I used to think I was pretty flexible. I liked to believe it was easy for me to pivot and adjust with the plans God had for me at a moments notice. The older I have gotten, I have realized how attached I can be to the plans I have made. Not because they are perfect, but rather because they are familiar and safe. And then God steps in suddenly, and the things I was so sure about starts shifting under my very own feet.
Sometimes it’s a door that closes so quietly you could miss it; sometimes it’s a door that slams so loud, it scars you; sometimes it’s not a door at all— it’s just a slow unravelling.
In those moments, it’s easy to feel like something has gone wrong. Like you misheard or failed or you’re being punished. But divine intervention rarely feels divine in real time. It feels inconvenient and uncomfortable and the opposite of what you prayed for. It feels like the opposite of progress.

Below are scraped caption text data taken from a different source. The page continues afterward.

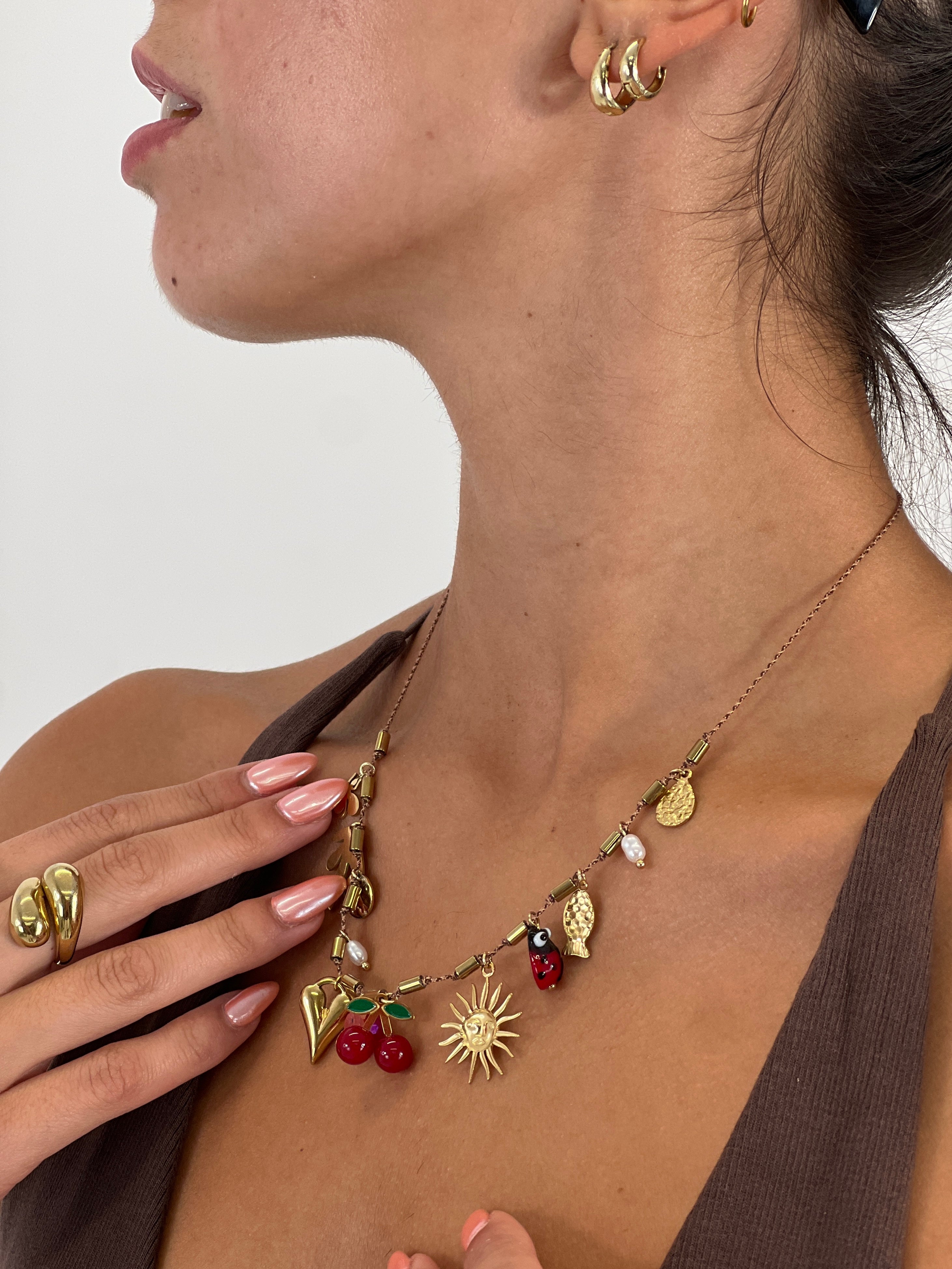 Necklace with dangling beads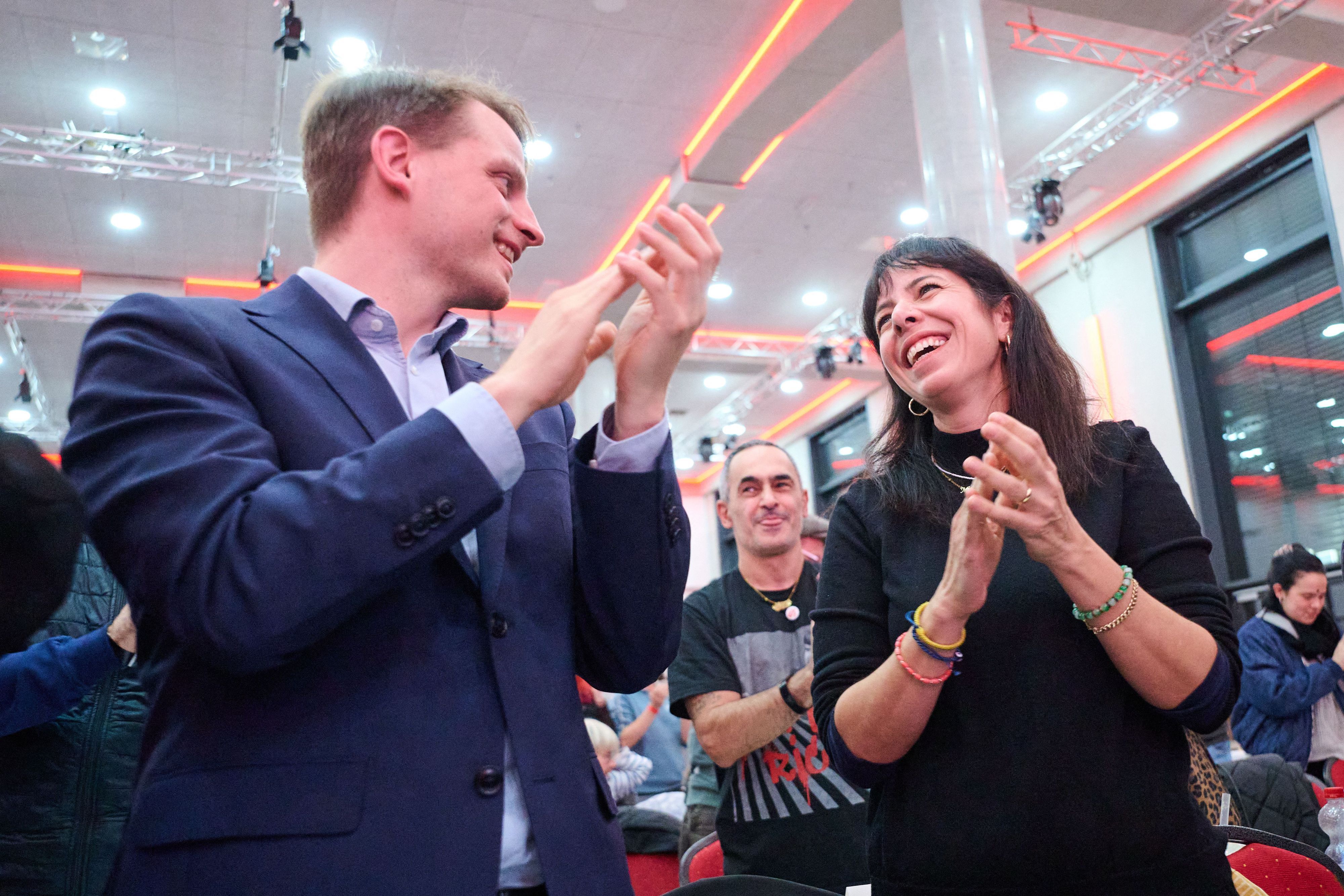 31.10.2026, Berlin: Elif Eralp (r), stellvertretende Vorsitzende der Partei Die Linke in Berlin, und Maximilian Schirmer, Vorsitzender der Partei Die Linke in Berlin, jubeln während des Landesparteitags der Partei Die Linke Berlin nach der Zustimmung zu Koalitionsgesprächen. Sechs Wochen nach der Wahl zum Berliner Abgeordnetenhaus entscheidet die Berliner Linke über den Start von Koalitionsverhandlungen mit Grünen und SPD. Foto: Sebastian Christoph Gollnow/dpa +++ dpa-Bildfunk +++
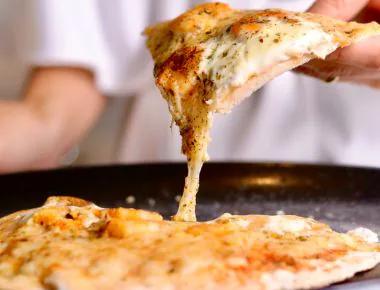 Melted cheese on pizza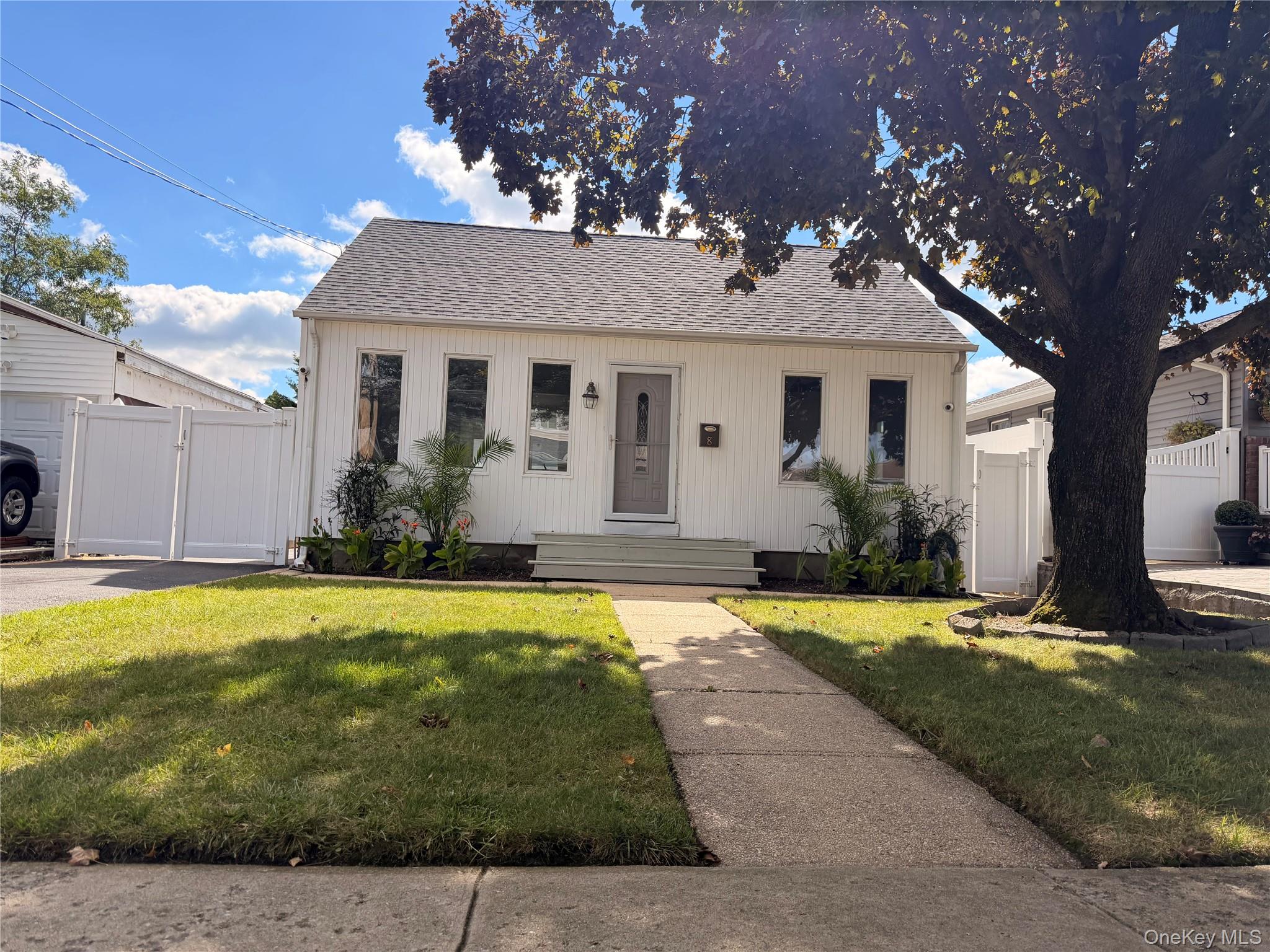 Small white office building with a front walkway, fenced yard, and large shade tree.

Yet somehow, they end up being the very thing that saves you.
When I look back, some of the biggest blessings in my life came disguised as complete disappointments. The opportunities I thought would fulfill me, the people I thought would stay, the plans I thought were solid, the seasons I thought would last longer than they did. At those times, I didn’t see God’s hand in any of it. I saw loss, confusion, and delay. But now,
I see how God’s rejection led me directly to redirection. I can see bow He was protecting me from places that would have drained and crushed me in the long run. I can truly see how every interruption carried purpose.
Proverbs 16:9 says, “A man’s heart plans his way, but the Lord directs his steps.”

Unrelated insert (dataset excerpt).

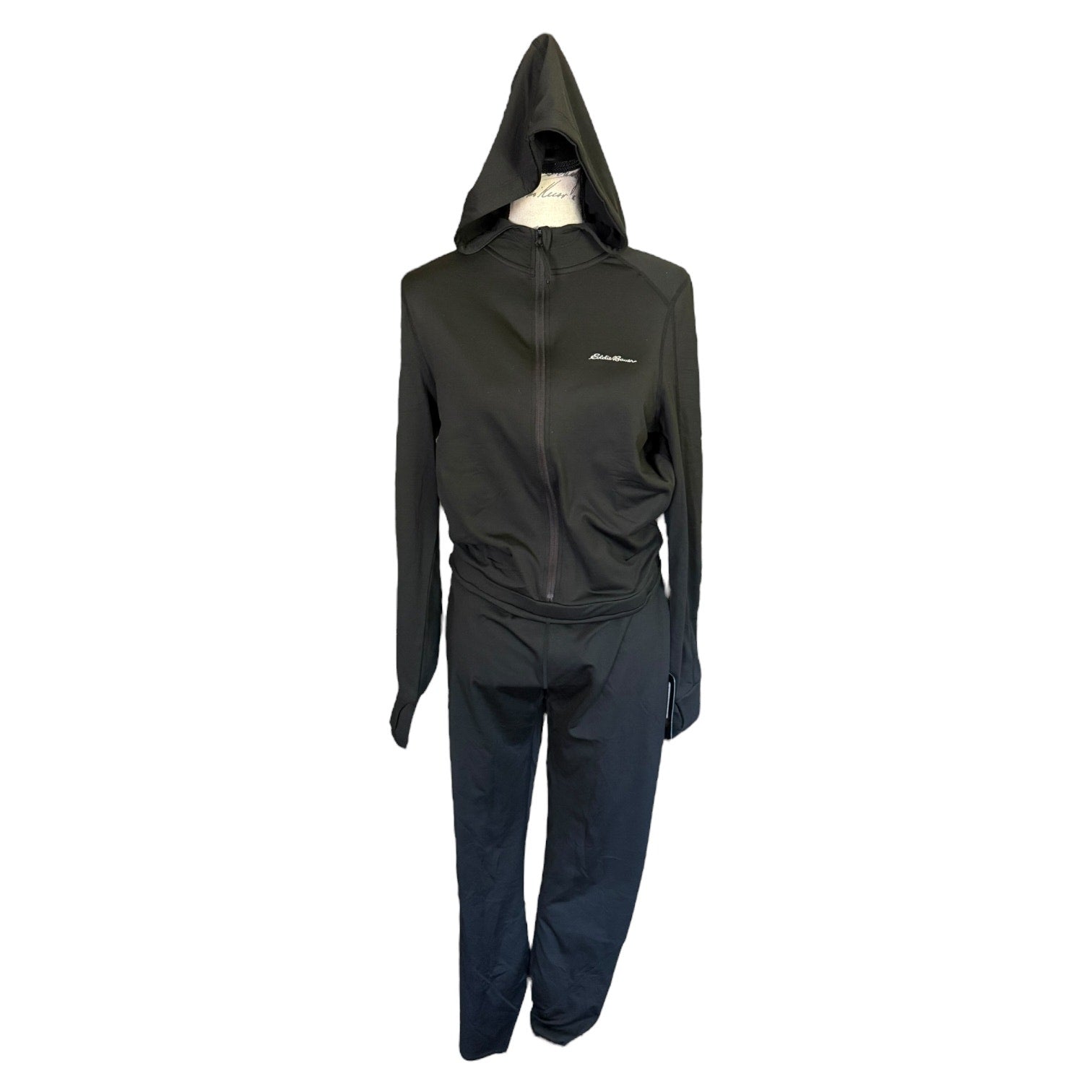 A black athletic jumpsuit consisting of a zip-up hooded jacket and matching pants, displayed on a mannequin against a plain white background.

We plan because planning feels steady. God directs because He sees what we cannot. And the tension between those two things is where most of us live— wanting to trust God fully, but also wanting to hold onto the blueprint we built in our heads.
But here’s the truth that I have been sitting with lately: God is not intimidated by our plans. He’s not offended by our structure. He’s not asking us to stop dreaming and preparing. He is simply asking us to stay interruptible— to leave room for things to shift, to let Him lead even when we feel ready to run ahead. Because sometimes interruption is the blessing.
When the job falls through, when the relationship ends, when the opportunity dries up— it’s hard to not take it personally, it’s hard to not feel like you did something wrong, it’s hard not to wonder why God didn’t just let it work. But what if God is pulling you out of something that would have destroyed you?
We see moments, but God sees the whole story. We see the next step, but God sees the destination. We see what we think we are losing, but God sees what he’s making room for.
If your plans are shifting, if your timeline is stretching, if your expectations are being rearranged— you’re not off track, you’re not behind, you’re not forgotten. You’re being guided.
You are being redirected by a God who loves you too much to let you settle. A God who interrupts with intention.
His interruptions are never accidents, they’re invitations into something deeper, safer, and better than what you planned.